== Segment start ==

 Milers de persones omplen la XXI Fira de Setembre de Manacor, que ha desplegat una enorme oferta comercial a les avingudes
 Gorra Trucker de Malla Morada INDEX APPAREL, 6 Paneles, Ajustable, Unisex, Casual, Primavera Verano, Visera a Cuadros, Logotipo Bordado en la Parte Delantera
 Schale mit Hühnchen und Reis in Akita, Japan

== Segment end ==
== Segment start ==

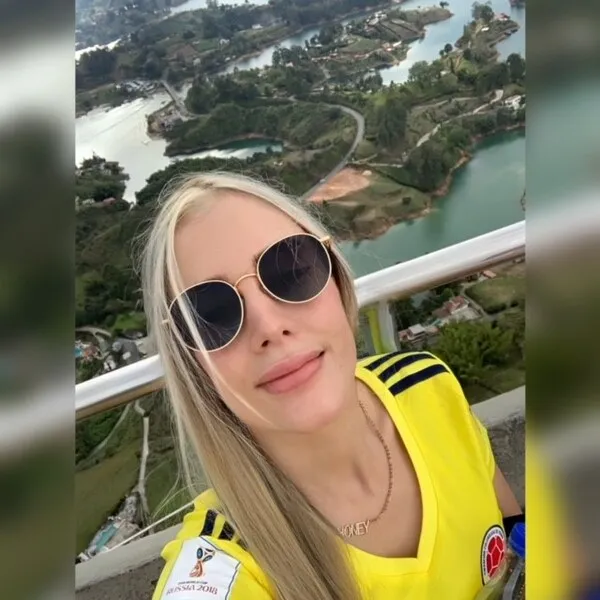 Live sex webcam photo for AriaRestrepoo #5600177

== Segment end ==
== Segment start ==

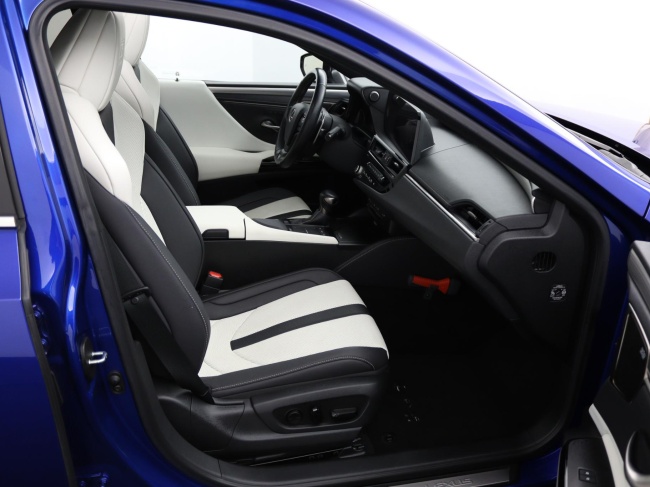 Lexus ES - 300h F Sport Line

== Segment end ==

__Description of the task__
In the data above, find the line that contains "Gorra Trucker de" and the line that contains "Schale mit Hühnchen und Reis in Akita, Japan". Repeat exactly those lines and every line between them, and only those.

__Written answer__
 Gorra Trucker de Malla Morada INDEX APPAREL, 6 Paneles, Ajustable, Unisex, Casual, Primavera Verano, Visera a Cuadros, Logotipo Bordado en la Parte Delantera
 Schale mit Hühnchen und Reis in Akita, Japan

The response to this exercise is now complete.